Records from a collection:
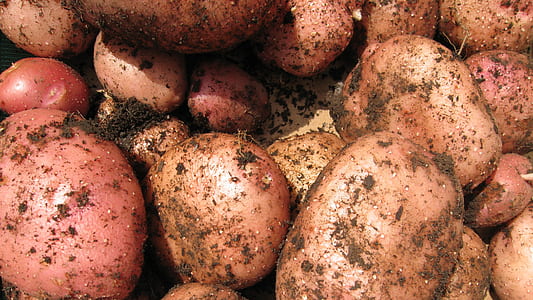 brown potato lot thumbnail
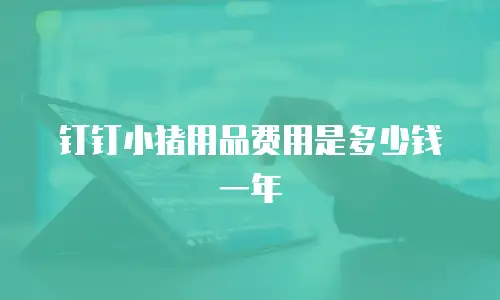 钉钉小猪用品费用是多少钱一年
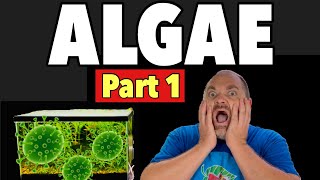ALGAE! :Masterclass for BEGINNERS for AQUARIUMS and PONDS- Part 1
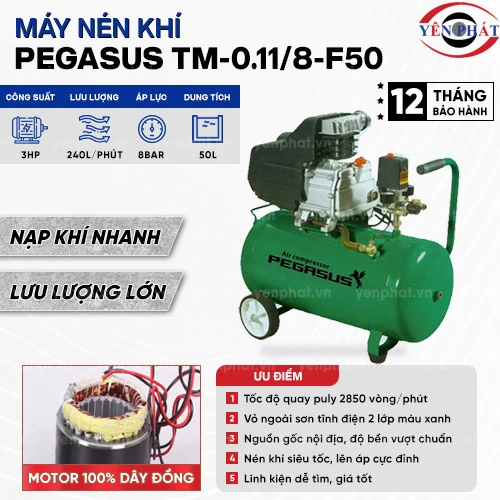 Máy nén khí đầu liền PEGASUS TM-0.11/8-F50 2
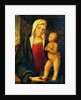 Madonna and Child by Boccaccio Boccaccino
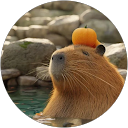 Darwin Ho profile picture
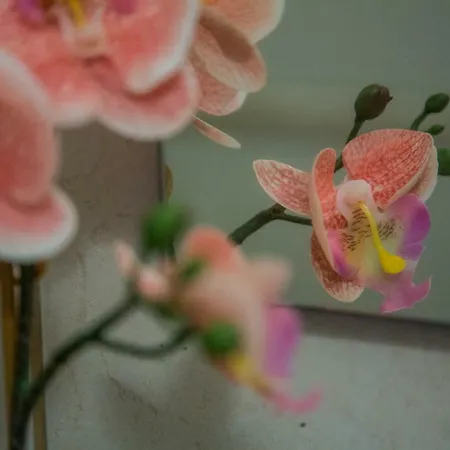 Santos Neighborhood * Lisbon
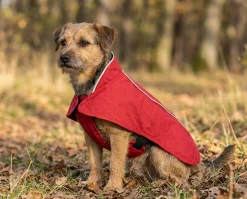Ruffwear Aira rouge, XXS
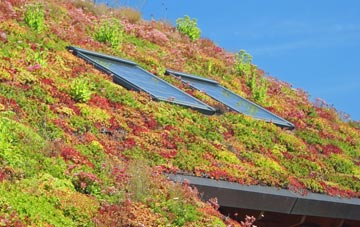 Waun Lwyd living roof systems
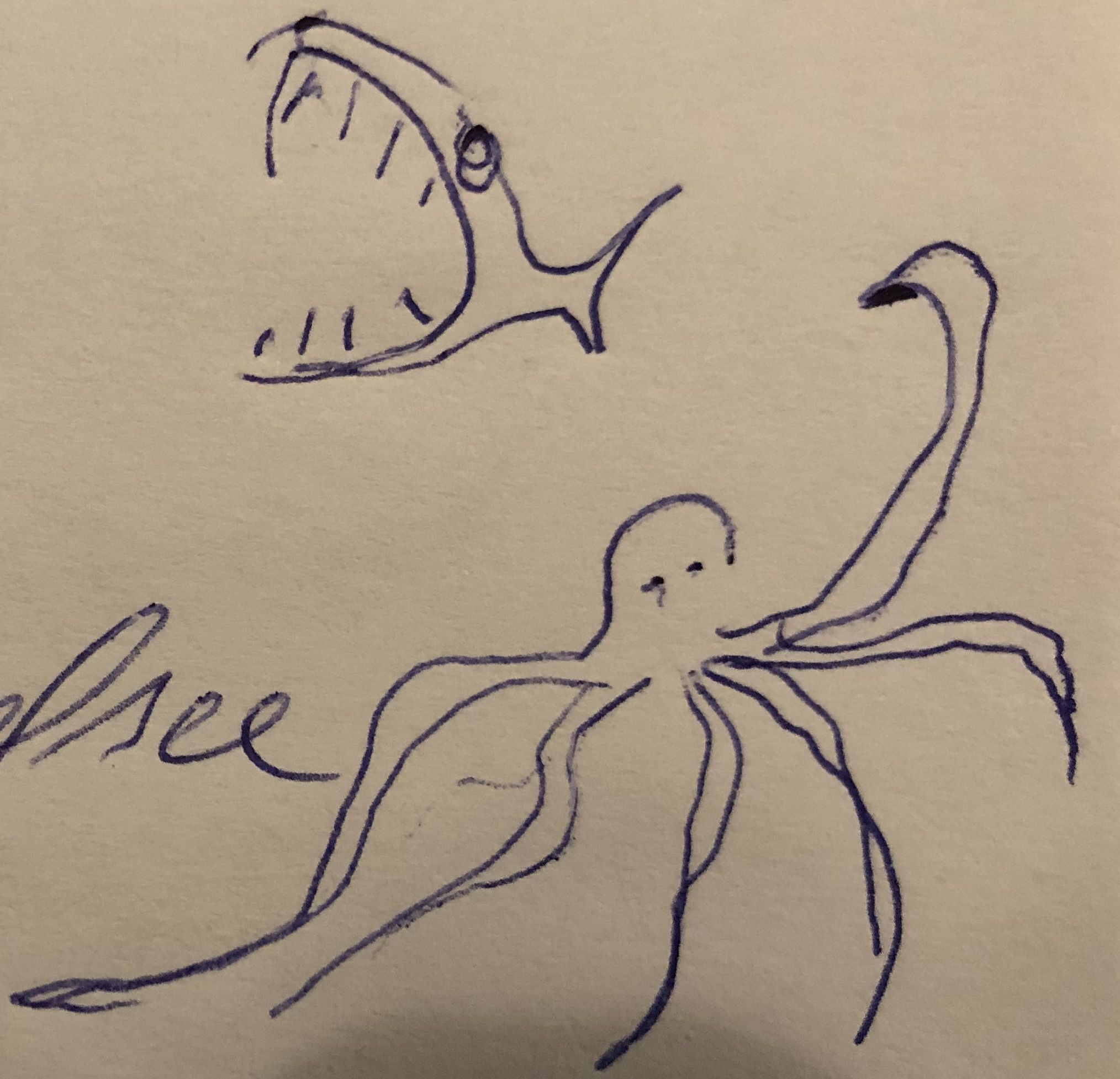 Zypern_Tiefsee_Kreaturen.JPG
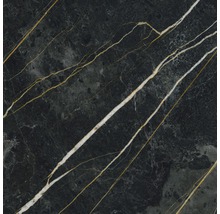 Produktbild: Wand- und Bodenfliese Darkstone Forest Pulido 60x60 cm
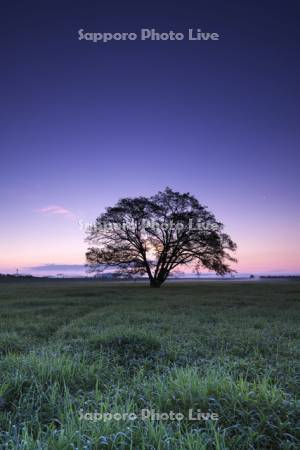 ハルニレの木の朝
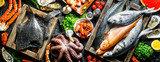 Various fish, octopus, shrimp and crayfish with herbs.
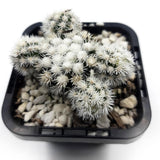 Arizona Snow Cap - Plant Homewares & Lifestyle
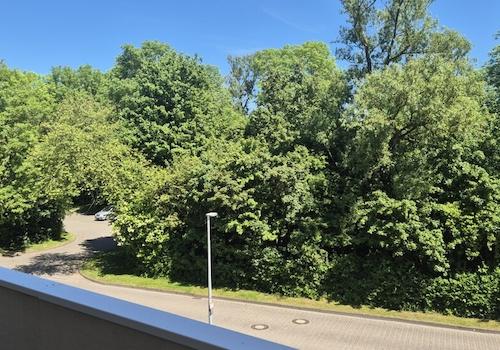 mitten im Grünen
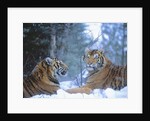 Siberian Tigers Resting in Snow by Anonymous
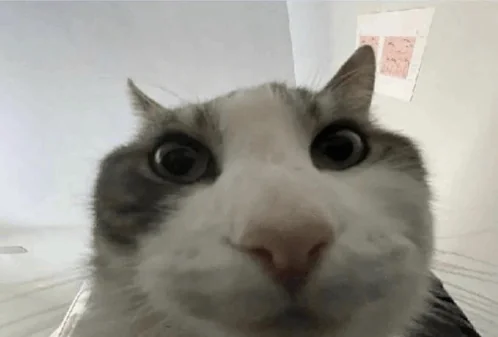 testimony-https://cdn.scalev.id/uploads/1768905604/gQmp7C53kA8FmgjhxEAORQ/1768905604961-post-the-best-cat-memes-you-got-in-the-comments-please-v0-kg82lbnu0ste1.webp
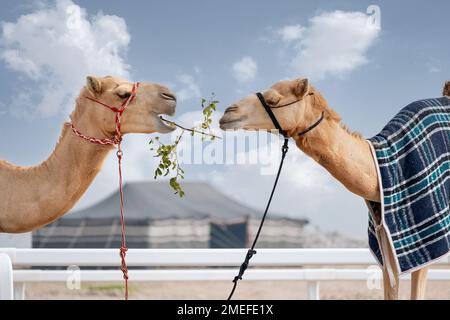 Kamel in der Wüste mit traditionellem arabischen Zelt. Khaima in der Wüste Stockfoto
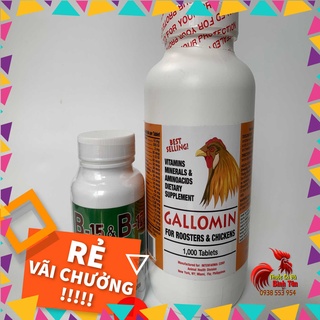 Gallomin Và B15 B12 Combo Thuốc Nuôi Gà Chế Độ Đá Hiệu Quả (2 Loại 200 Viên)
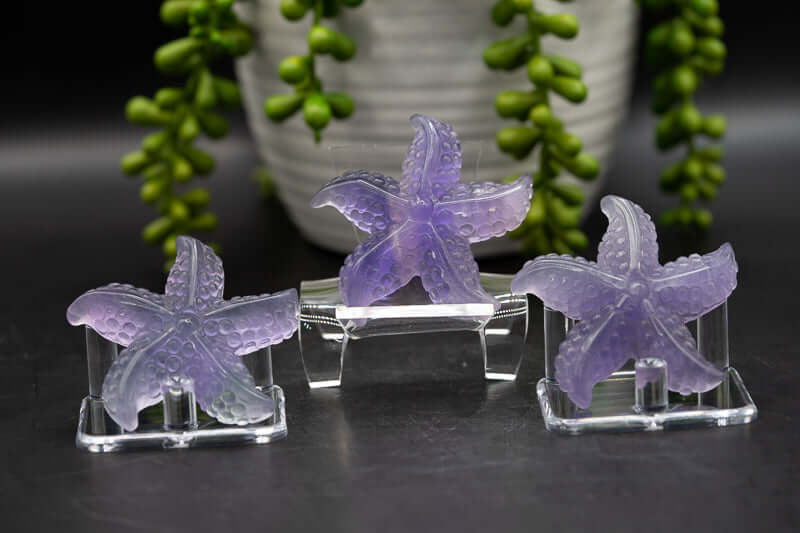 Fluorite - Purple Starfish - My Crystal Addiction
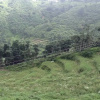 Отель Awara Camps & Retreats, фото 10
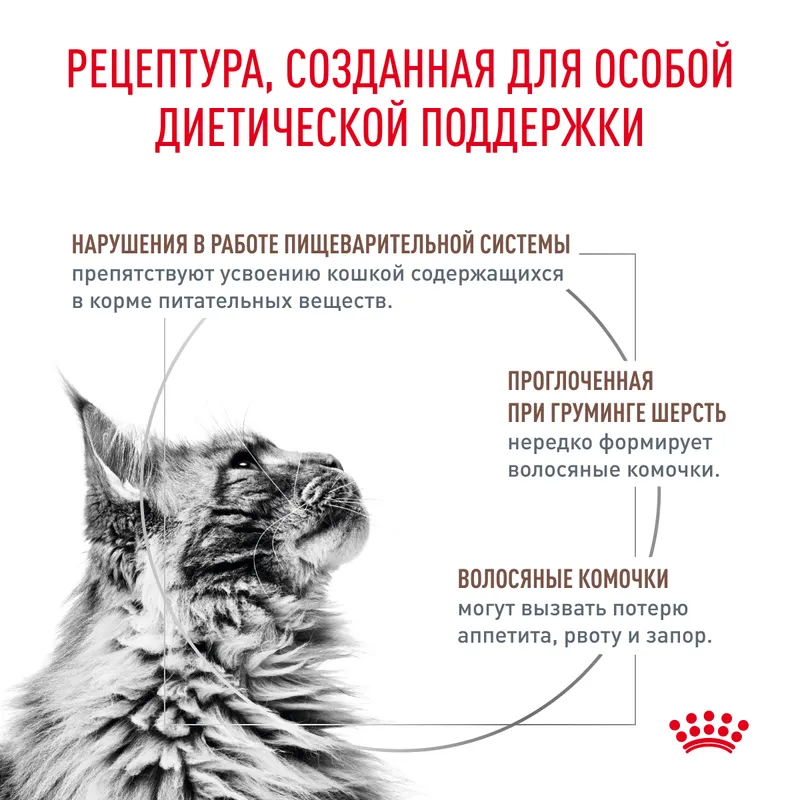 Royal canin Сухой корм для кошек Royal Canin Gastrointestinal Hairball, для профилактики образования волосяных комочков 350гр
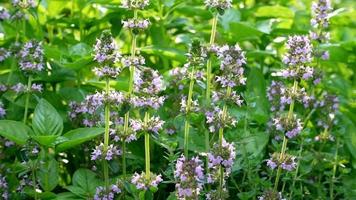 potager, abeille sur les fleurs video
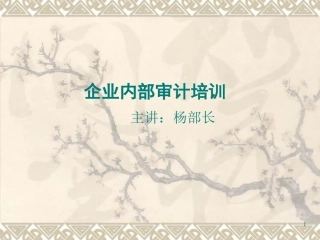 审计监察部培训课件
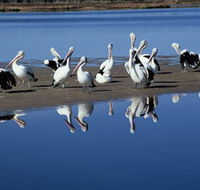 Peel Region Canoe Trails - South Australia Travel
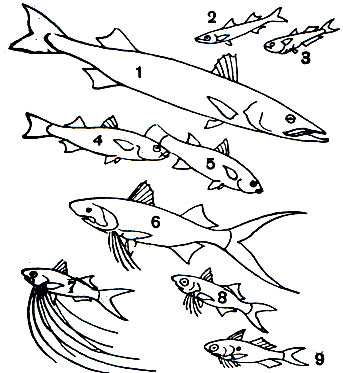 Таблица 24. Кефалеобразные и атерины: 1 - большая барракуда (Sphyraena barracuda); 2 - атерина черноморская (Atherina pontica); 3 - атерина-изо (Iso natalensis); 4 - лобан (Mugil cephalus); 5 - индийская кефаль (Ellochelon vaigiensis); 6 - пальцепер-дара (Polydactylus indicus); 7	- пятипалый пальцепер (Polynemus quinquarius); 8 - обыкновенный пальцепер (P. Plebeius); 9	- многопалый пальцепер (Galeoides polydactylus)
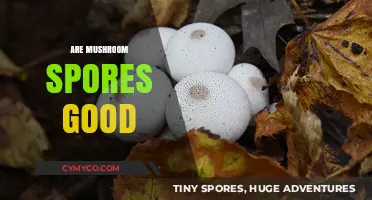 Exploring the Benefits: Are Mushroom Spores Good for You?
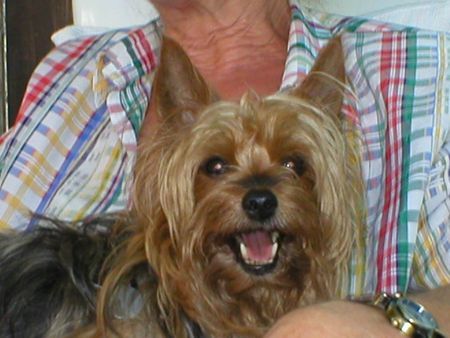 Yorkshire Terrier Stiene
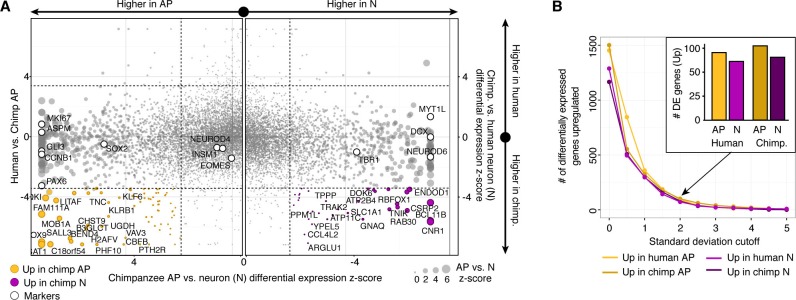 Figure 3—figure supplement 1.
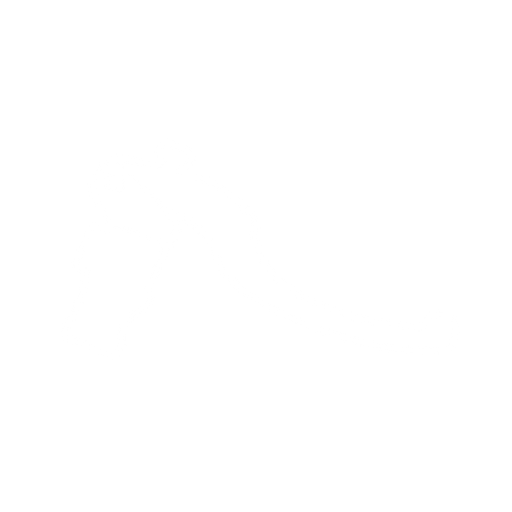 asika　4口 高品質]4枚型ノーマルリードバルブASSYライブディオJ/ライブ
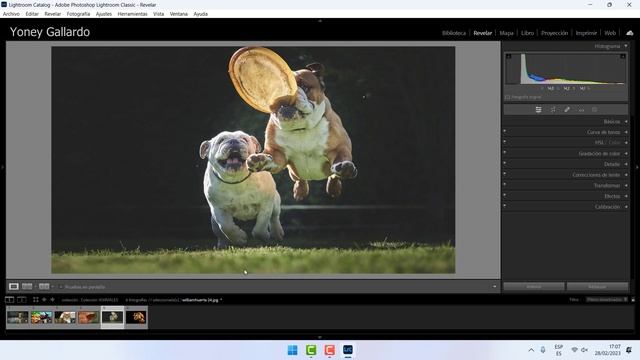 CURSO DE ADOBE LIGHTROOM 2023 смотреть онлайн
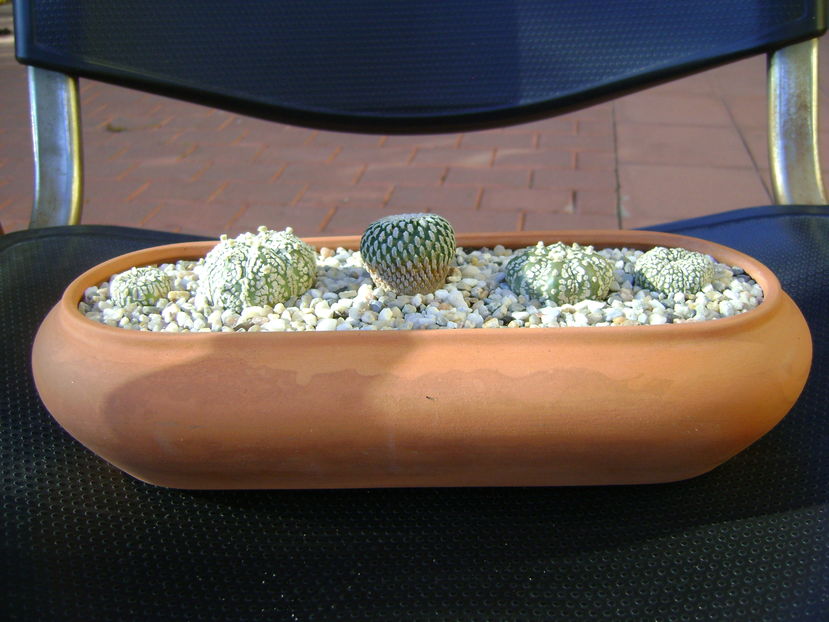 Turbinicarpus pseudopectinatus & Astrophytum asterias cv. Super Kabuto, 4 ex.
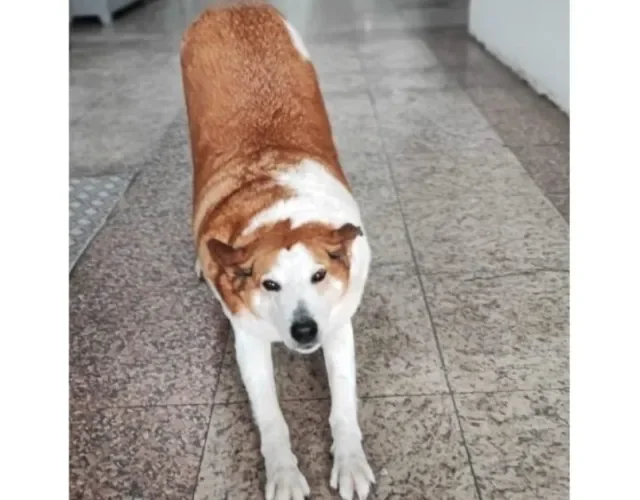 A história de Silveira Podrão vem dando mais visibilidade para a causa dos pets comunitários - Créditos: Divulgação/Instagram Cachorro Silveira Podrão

### AIM OF THE EXERCISE
Exact copy, no pictures: reproduce every record as it stands.

### ANSWER AREA
 brown potato lot thumbnail
 钉钉小猪用品费用是多少钱一年
ALGAE! :Masterclass for BEGINNERS for AQUARIUMS and PONDS- Part 1
 Máy nén khí đầu liền PEGASUS TM-0.11/8-F50 2
 Madonna and Child by Boccaccio Boccaccino
 Darwin Ho profile picture
 Santos Neighborhood * Lisbon
Ruffwear Aira rouge, XXS
 Waun Lwyd living roof systems
 Zypern_Tiefsee_Kreaturen.JPG
 Produktbild: Wand- und Bodenfliese Darkstone Forest Pulido 60x60 cm
 ハルニレの木の朝
 Various fish, octopus, shrimp and crayfish with herbs.
 Arizona Snow Cap - Plant Homewares & Lifestyle
 mitten im Grünen
 Siberian Tigers Resting in Snow by Anonymous
 testimony-https://cdn.scalev.id/uploads/1768905604/gQmp7C53kA8FmgjhxEAORQ/1768905604961-post-the-best-cat-memes-you-got-in-the-comments-please-v0-kg82lbnu0ste1.webp
 Kamel in der Wüste mit traditionellem arabischen Zelt. Khaima in der Wüste Stockfoto
 Gallomin Và B15 B12 Combo Thuốc Nuôi Gà Chế Độ Đá Hiệu Quả (2 Loại 200 Viên)
 Fluorite - Purple Starfish - My Crystal Addiction
 Отель Awara Camps & Retreats, фото 10
 Royal canin Сухой корм для кошек Royal Canin Gastrointestinal Hairball, для профилактики образования волосяных комочков 350гр
 potager, abeille sur les fleurs video
 审计监察部培训课件
 Peel Region Canoe Trails - South Australia Travel
 Таблица 24. Кефалеобразные и атерины: 1 - большая барракуда (Sphyraena barracuda); 2 - атерина черноморская (Atherina pontica); 3 - атерина-изо (Iso natalensis); 4 - лобан (Mugil cephalus); 5 - индийская кефаль (Ellochelon vaigiensis); 6 - пальцепер-дара (Polydactylus indicus); 7	- пятипалый пальцепер (Polynemus quinquarius); 8 - обыкновенный пальцепер (P. Plebeius); 9	- многопалый пальцепер (Galeoides polydactylus)
 Exploring the Benefits: Are Mushroom Spores Good for You?
 Yorkshire Terrier Stiene
 Figure 3—figure supplement 1.
 asika　4口 高品質]4枚型ノーマルリードバルブASSYライブディオJ/ライブ
 CURSO DE ADOBE LIGHTROOM 2023 смотреть онлайн
 Turbinicarpus pseudopectinatus & Astrophytum asterias cv. Super Kabuto, 4 ex.
 A história de Silveira Podrão vem dando mais visibilidade para a causa dos pets comunitários - Créditos: Divulgação/Instagram Cachorro Silveira Podrão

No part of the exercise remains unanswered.